Senator Byrd admits to being quite impressed when President Bush 43 was first elected.   What concerns him was the reckless nature Bush showed himself to have.  President Clinton left us with a $2.5 trillion budget surplus.  Bush, according to this, quickly spent it.  The spending however wasn’t the problem Senator Byrd had, but how the money was spent.  He states that the Congress is responsible for controlling the purse strings.  This country in the last few years has begun on the dangerous path of allowing the President to overrule that control. 

With the Reagan tax cuts for example, Senator Byrd states that there was much debate among congress.  However, when Bush came along and made tax cuts, there was no debate.  But he doesn’t just blame Bush.  During the Clinton administration, he writes, there was the Line Item Veto act.  This act allowed the President to amend legislation after it became law.   Essentially this act, allowed the President to control Congress.  If you needed to pay for new roads in your district, and a law was passed allowing this, the President could veto this unless you did what he wanted  regarding a peace treaty.  This act was used 3 times by President Clinton before it was ruled unconstitutional. 

Other issues Senator Byrd had involved the Patriot Act.  Under that Act, a person could be denied bail for suspected terrorism.  He feels it went against our laws, because a man is “innocent until proven guilty”, but the Patriot Act made a man Guilty until proven otherwise.  He also goes briefly into the Valerie Plame Spygate affair. 
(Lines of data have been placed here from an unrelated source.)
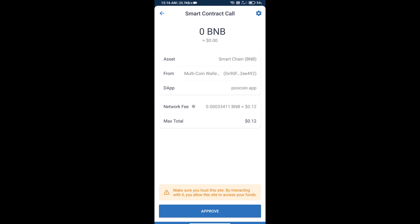Finally, we will approve this transaction and we will get BNB successfully. So guys, I have only shared the technical process, not financial advice. Invest in cryptocurrency at your own risk. Thanks for watching.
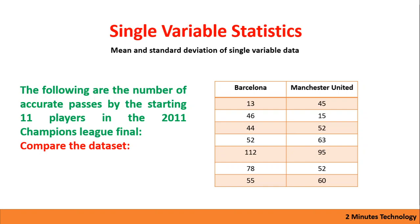Hello there, welcome to my classes on IB mathematics. Today I am going to talk about single variable statistics. This lesson will give you an idea of how to use a calculator to quickly solve and verify your answer.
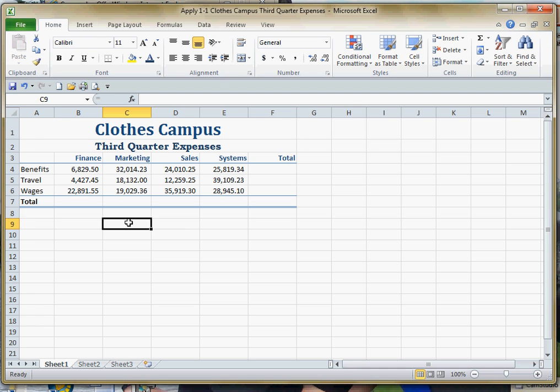Excel's power comes in the fact that we can use formulas to do all kinds of mathematical calculations for us. These are going to be real basic formulas.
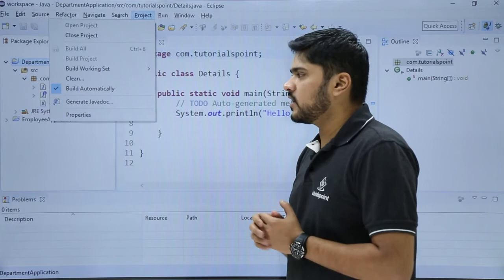So in this video we saw how we can easily build our project. We also saw how we can add multiple builders to our project. Thank you for watching.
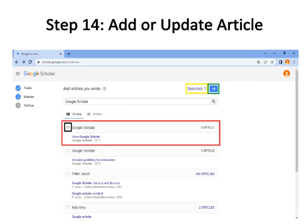Step fourteen: Add or update your article. Select the article you wrote — the example selected is bordered with red color, and the tick box is bordered with black color. The selected article is shown bordered with yellow color. Click the Next button (right arrow), bordered with green color. You can add or update articles by searching your name, article title, or DOI link.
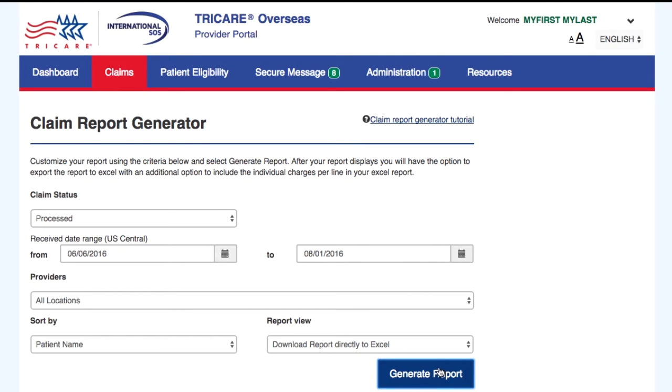We have reached the end of this Claims Report tutorial. We hope the information we provided was helpful. Have a great day.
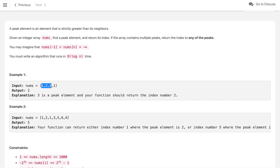In the first example we have the four-element array [1, 2, 3, 1]. We can see that 3 is the peak element because the left side is smaller and the right side is also smaller. The index of 3 is 2, so we need to return 2 as the answer.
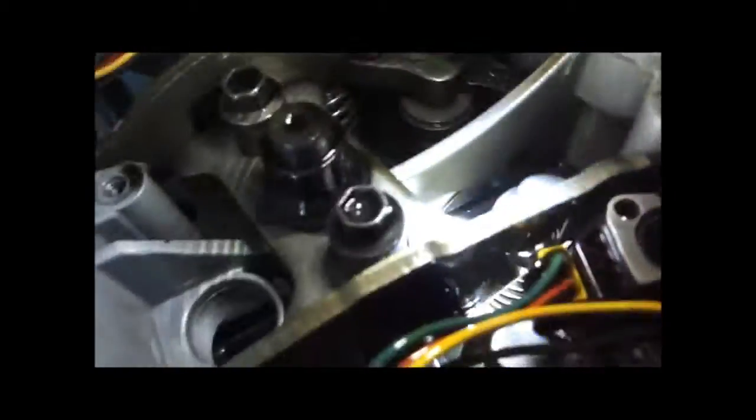For anyone not sure how to tell if you have failed nipple cup seals or O-rings, I'm going to try to get this to focus and make it really obvious for you.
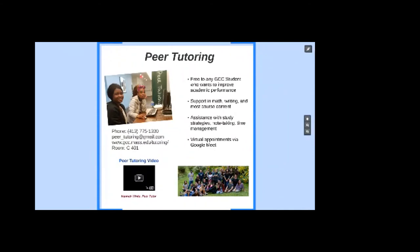Peer tutoring is free to any GCC student who wants to improve their academic performance. It's not just about struggling in a class — maybe you just aren't doing as well as you want, or you want to take in information more fully. They support math, writing, and most course content. They can help with study strategies, note-taking, and time management. They can help you figure out your syllabi and your Moodle courses. They have virtual appointments via Google Meet, and since all students have a GCC Gmail account, you have access to Google Meet.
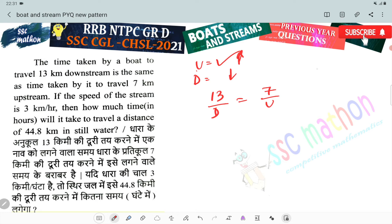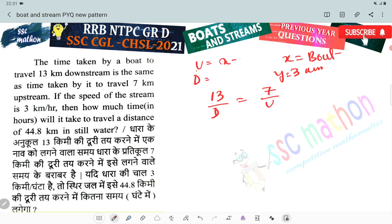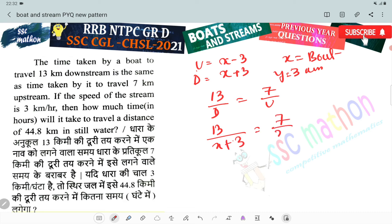The time is equal. Let boat speed be X km per hour. Stream speed is 3 km per hour. Upstream speed is X minus 3, and downstream speed is X plus 3. So: 13 divided by (X plus 3) equals 7 divided by (X minus 3). Cross-multiplying: 13(X minus 3) equals 7(X plus 3).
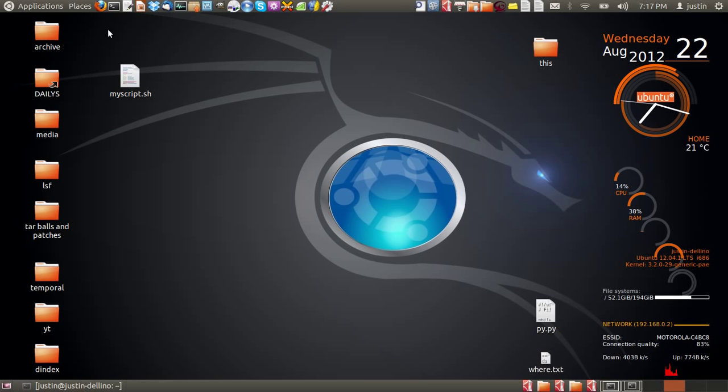G'day YouTube. Today I'm going to show you how to run a script, so a .sh file in Ubuntu.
Now you might think, being a Democrat, that Senator Byrd is just biased.  However, I didn’t find this to be a biased view, but genunine concern.

He had this to say about former presidents:

  • “John Kennedy knew his subject and appealed to reason gently.”
  • “Johnson was the consummate tour de force, coy, sly, bullying if need be.”
  • “Nixon was deadly serious and always well prepared.”
  • “Jimmy Carter was a good listener with a facility for great detail”
  • “Ronald Rean, a joke teller, a charmer, who read from three-by-five cards and usually turned the substance over to staffers.”
  • “George Herbert Walker Bush, Serious, intent, well-informed.”
  • “Bill Clinton, likable, jovial, and with a vast knowledge of policy on a wide array of topics which he liked to display.”
  • “George W.  Bush – Ineptitude Supreme”.

I found the book very interesting.  I think regardless of your personal political persuasion that reading this would shed a lot of light on many of the things that went on.  In this day, where many people protest about how our country is being destroyed, this book seems to back that up with facts.  It wasn’t a bash of Republican or Democrat, but only about the problems that occurred 5 years ago, where he thought the resulting solutions would take us, and his concerns for our future.  I’d say pick this up, or go to your local library and check this book out.  Regardless of who you are, I think you might learn something from this elder statesman.